About this exercise:
Starting from the line with "Garvee Estante sobre" and going up to and including the line with "Candie's Women's L/XL", copy the listing below exactly. Leave all images out.

Input material:

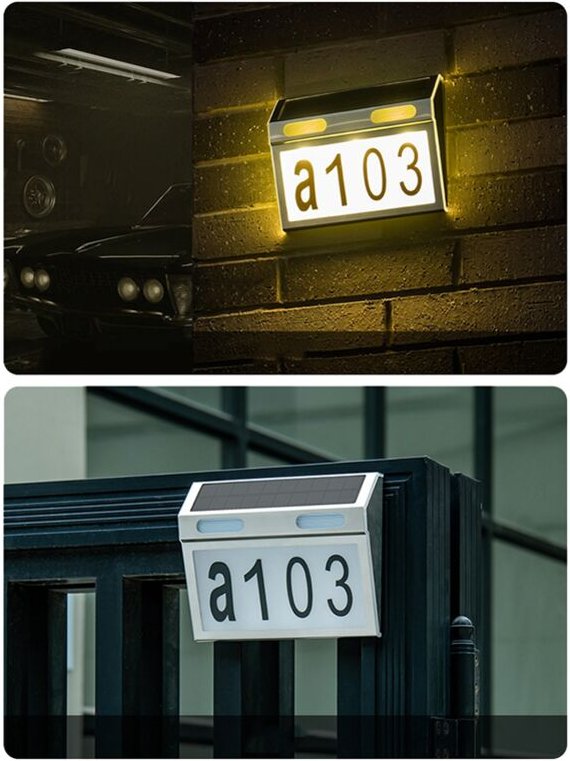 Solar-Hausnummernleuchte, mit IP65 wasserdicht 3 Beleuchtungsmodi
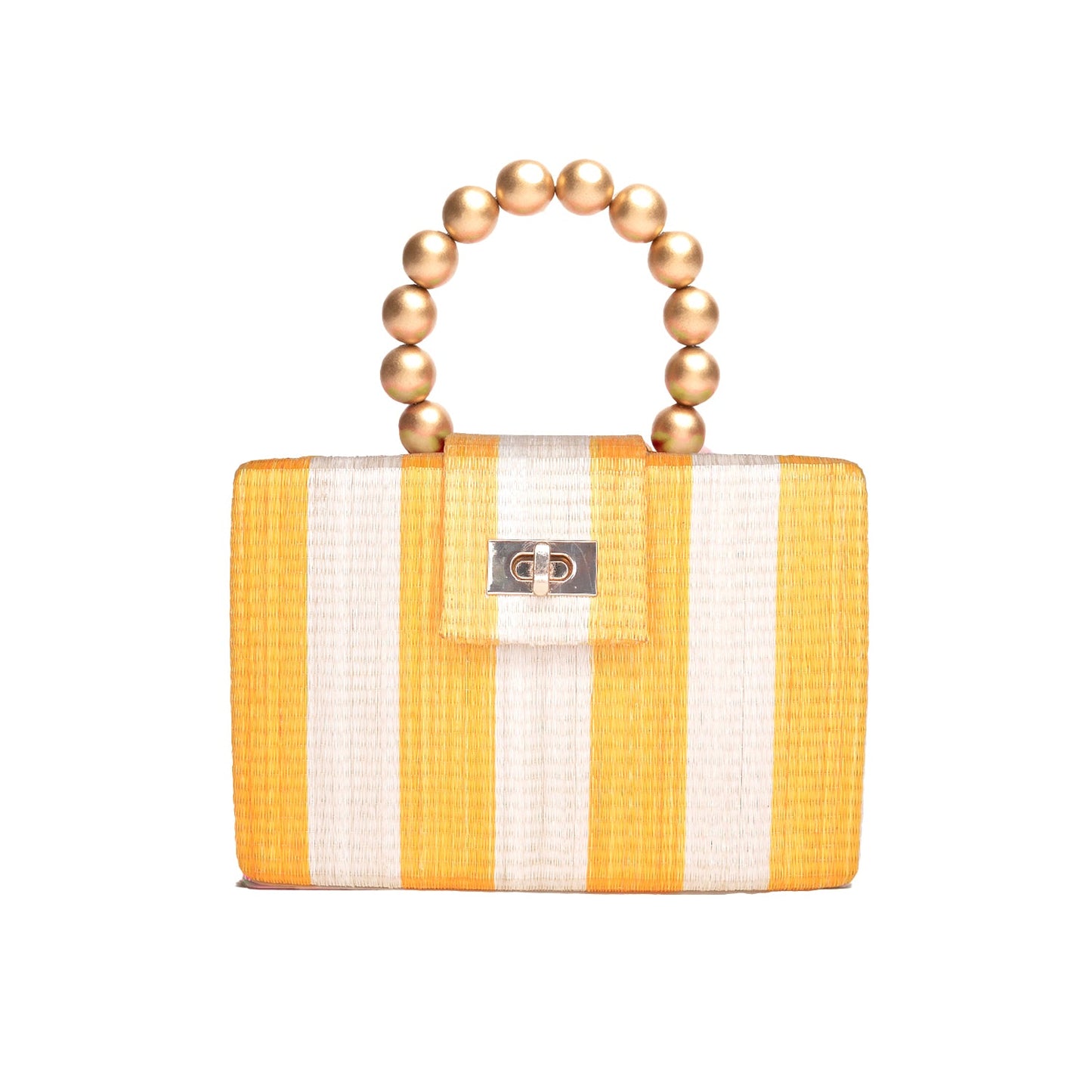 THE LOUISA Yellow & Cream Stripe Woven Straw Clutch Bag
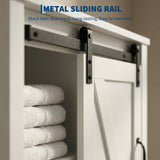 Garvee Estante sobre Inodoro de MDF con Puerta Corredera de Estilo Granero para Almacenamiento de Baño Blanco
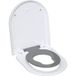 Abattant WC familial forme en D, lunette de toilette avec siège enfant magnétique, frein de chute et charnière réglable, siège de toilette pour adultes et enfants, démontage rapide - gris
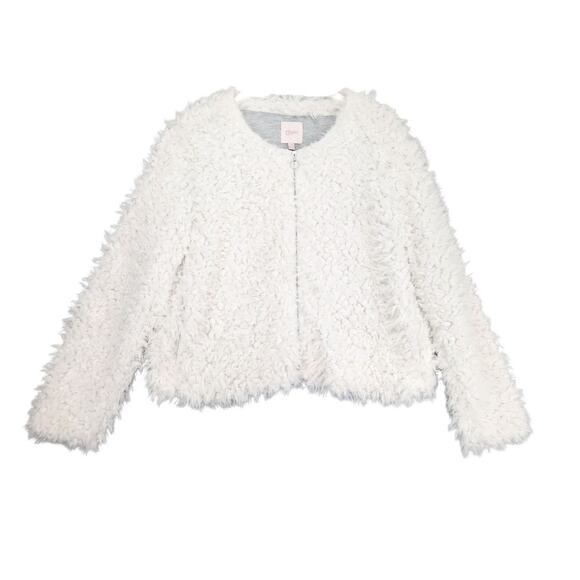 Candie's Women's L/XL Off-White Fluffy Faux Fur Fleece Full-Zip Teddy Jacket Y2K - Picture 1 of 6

---

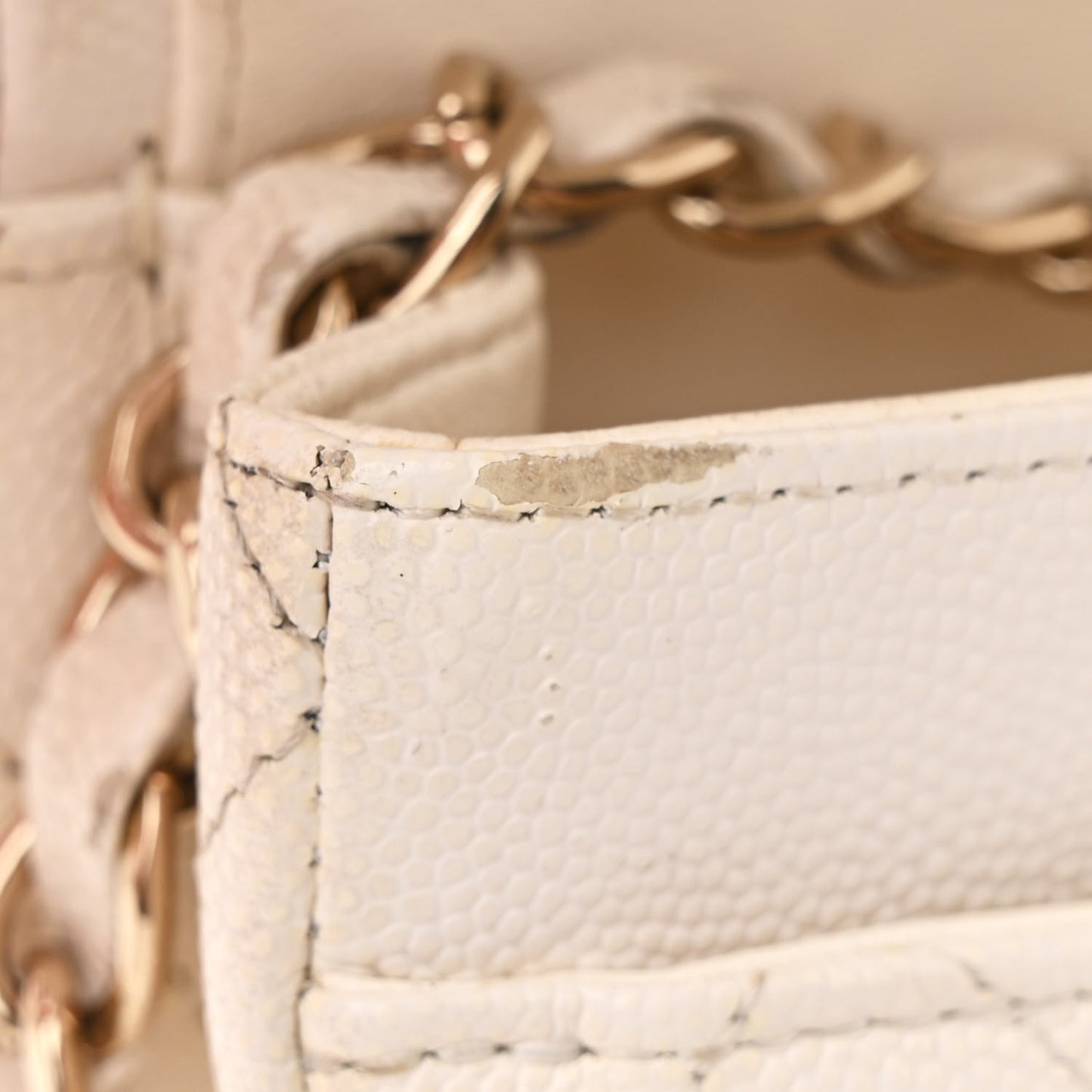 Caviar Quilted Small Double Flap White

Exercise solution:
 Garvee Estante sobre Inodoro de MDF con Puerta Corredera de Estilo Granero para Almacenamiento de Baño Blanco
 Abattant WC familial forme en D, lunette de toilette avec siège enfant magnétique, frein de chute et charnière réglable, siège de toilette pour adultes et enfants, démontage rapide - gris
 Candie's Women's L/XL Off-White Fluffy Faux Fur Fleece Full-Zip Teddy Jacket Y2K - Picture 1 of 6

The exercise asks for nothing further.